# Who has a PM1236



## Sleddog (Feb 19, 2017)

I've been harassing Matt via emails, questioning him about the PM1236 lathe. I'm almost ready to fall off the fence & place the order for one. I would like to ask if anyone has one near SE South Dakota & if it's possible I  could come look at it.


----------



## Btroj (Feb 19, 2017)

I live just south of Omaha in Bellevue, NE.  A bit of a drive but doable.  Let me know if you are interested.  I have had my PM 1236 for a couple years.  Been quite happy with it thus far.


----------



## Sleddog (Feb 20, 2017)

Btroj said:


> I live just south of Omaha in Bellevue, NE.  A bit of a drive but doable.  Let me know if you are interested.  I have had my PM 1236 for a couple years.  Been quite happy with it thus far.
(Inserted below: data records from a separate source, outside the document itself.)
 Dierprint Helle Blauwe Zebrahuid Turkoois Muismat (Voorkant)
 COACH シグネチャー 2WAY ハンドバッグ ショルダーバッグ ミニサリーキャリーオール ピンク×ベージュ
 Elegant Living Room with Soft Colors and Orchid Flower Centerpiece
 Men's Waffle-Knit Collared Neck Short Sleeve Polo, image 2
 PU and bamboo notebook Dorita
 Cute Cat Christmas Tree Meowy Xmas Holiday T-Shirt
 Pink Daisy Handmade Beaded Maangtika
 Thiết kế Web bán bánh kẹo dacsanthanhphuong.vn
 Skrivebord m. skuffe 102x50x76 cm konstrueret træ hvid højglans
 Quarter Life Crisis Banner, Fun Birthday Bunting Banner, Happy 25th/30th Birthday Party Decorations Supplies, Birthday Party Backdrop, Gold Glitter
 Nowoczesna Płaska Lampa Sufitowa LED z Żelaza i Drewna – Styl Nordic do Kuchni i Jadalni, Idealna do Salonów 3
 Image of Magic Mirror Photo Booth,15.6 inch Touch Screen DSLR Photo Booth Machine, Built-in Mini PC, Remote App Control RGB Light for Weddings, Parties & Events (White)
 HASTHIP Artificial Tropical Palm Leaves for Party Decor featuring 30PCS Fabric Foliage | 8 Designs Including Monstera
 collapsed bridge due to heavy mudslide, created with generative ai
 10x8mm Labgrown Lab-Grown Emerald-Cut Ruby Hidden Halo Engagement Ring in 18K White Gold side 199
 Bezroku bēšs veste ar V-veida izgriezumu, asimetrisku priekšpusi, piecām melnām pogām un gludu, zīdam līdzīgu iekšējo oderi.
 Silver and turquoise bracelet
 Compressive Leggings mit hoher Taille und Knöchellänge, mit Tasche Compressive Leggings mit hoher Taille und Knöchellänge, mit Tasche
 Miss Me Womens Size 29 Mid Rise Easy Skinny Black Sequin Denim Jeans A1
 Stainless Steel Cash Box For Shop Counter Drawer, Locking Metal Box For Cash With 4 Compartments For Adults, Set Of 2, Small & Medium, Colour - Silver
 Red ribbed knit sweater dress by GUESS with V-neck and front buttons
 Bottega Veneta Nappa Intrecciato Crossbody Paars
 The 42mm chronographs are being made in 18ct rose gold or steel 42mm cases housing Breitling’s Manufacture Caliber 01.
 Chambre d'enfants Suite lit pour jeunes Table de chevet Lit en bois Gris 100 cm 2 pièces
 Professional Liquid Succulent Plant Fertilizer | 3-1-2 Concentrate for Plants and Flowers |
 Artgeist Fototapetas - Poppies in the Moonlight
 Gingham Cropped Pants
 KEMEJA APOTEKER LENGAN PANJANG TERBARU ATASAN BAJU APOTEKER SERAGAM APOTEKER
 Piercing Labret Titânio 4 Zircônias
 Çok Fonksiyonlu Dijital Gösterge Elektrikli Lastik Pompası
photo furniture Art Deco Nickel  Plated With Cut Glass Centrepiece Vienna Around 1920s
Thanks. Omaha isn't too far. Are you available during the week? Days?


----------



## Btroj (Feb 20, 2017)

PM sent


----------



## Sleddog (Mar 4, 2017)

Just wanted to say thanks for showing me your machine. I really do appreciate it.


----------



## Btroj (Mar 4, 2017)

Glad I could be of help.  It was good to meet a person from the forum and discover some similar interests.  I enjoyed the visit.

Place an order yet?


----------



## Sleddog (Mar 4, 2017)

Btroj said:


> Place an order yet?



Uh huh !


----------



## Sleddog (Mar 19, 2017)

I do.....!

Out with the old.....







In with the new.....






Cleaned & ready to go.....






It runs pretty smooth.....Time to start making some chips....


----------



## tweinke (Mar 19, 2017)

Congrats on your new machine! Give us a review of your thoughts on the machine after you get to use it a bit.


----------



## BFHammer (Mar 20, 2017)

Great to see some pics of your new machine set up and ready to rock!  Thanks for sharing the video too.

There has been a rash of PM1236 arrivals lately which is a great thing.  I have a PM1236 (and a PM932) on order hopefully arriving in a few weeks.  

Look forward to seeing some projects pics in the future!


----------